FSO Editorials

THE I.M.F. GOLD SALES WILL BE VERY
GOOD FOR THE GOLD PRICE
Excerpts from GLOBAL WATCH:
THE GOLD FORECASTER
by Julian D.W. Phillips
April 14, 2008

Most commentators we now read are taking the potential I.M.F. gold sales as a foregone conclusion. With the unknown quantity of the U.S. Congress [who are fully aware of just how good an investment gold has been and will likely be], who blocked the sales last time it was proposed, the sale is by no means a foregone conclusion. But of far greater importance is the question of how these sales could affect the gold price. The answer is exceptionally positive, after we consider the views of the I.M.F. itself on just how the sales will be orchestrated.

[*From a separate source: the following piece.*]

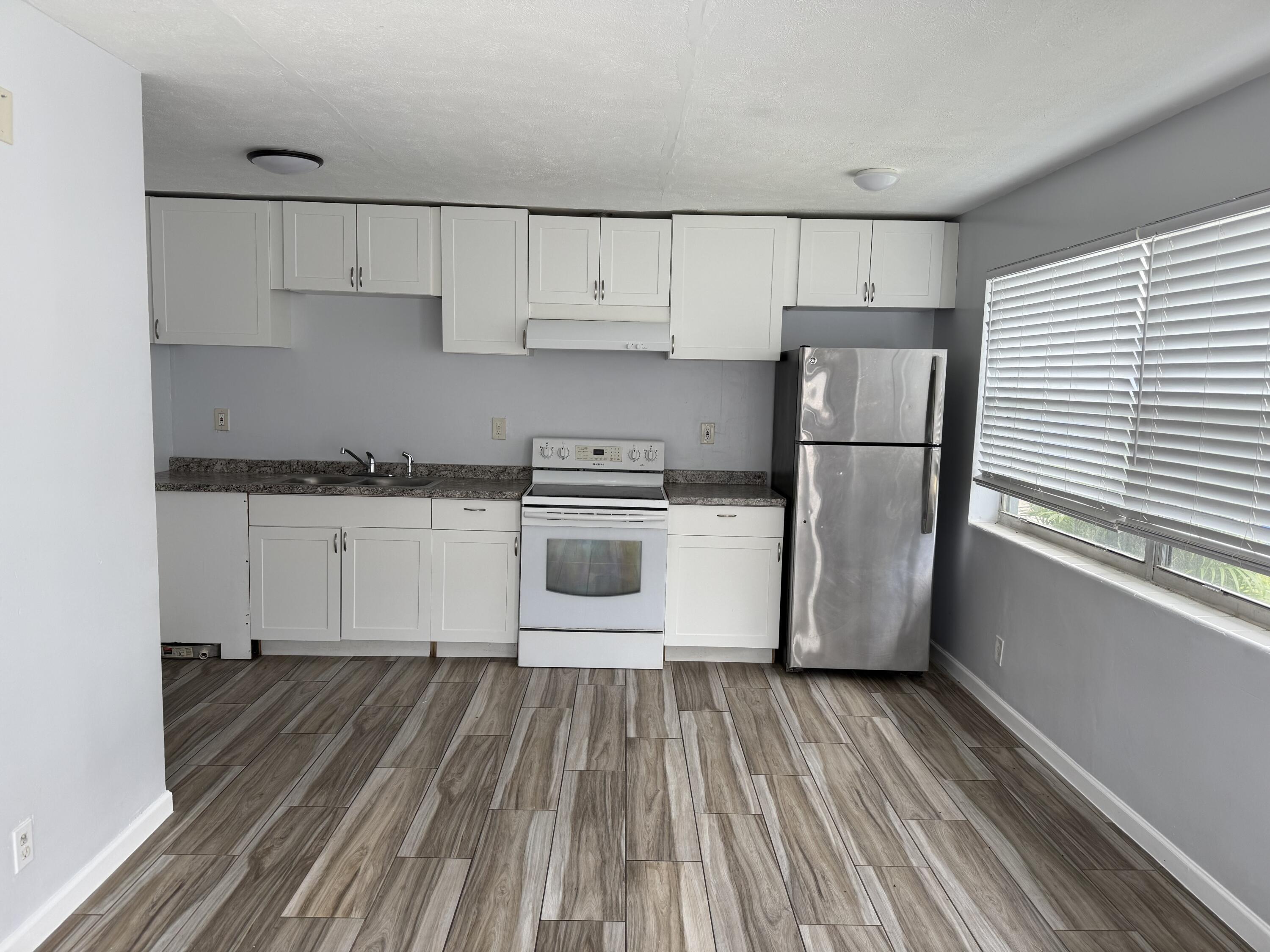 111 East 27th Street, Unit 113B Riviera Beach, FL 33404 - Photo 2 of 5 a kitchen with cabinets a refrigerator and wooden floor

Only one obstacle remains.

The focus on whether the sales will take place has been on the U.S. Congress who, if they approve will give the nod to 16.83% of the votes of the I.M.F. With the Executive of the I.M.F. having approved the sale already, once the Congress has said yes, the deal is struck.

Let's move onto the likelihood that the sales will be finally approved, what then? Just how will the sales move forward in the light of the intriguing statements coming from the I.M.F. executives? What are these statements?

The key statements have recently come from IMF Finance Department Director Michael Kuhn who said: -

Which Central Banks could be interested?

Russia?

The implications of these statements are riveting! We know, for instance that Russia has the intention of increasing gold reserves to 10% of its reserves, so for them to buy would barely dent this number. A direct deal between the I.M.F and them would be at a market related price and not be seen by the market at all. The only impact such a deal would have would be the reaction by the market to the subsequent announcement of the sale.

China

We know that China too has a ridiculously low level of gold reserves and is highly suspicious of going into the open market because once there were even suspicions that that was happening, gold prices would rocket. [This has limited them to buying their own local production or none at all]. But with 400 tonnes on offer at one price [and no gold price impact], perhaps they would jump at the opportunity?

Other U.S. $ surplus nations?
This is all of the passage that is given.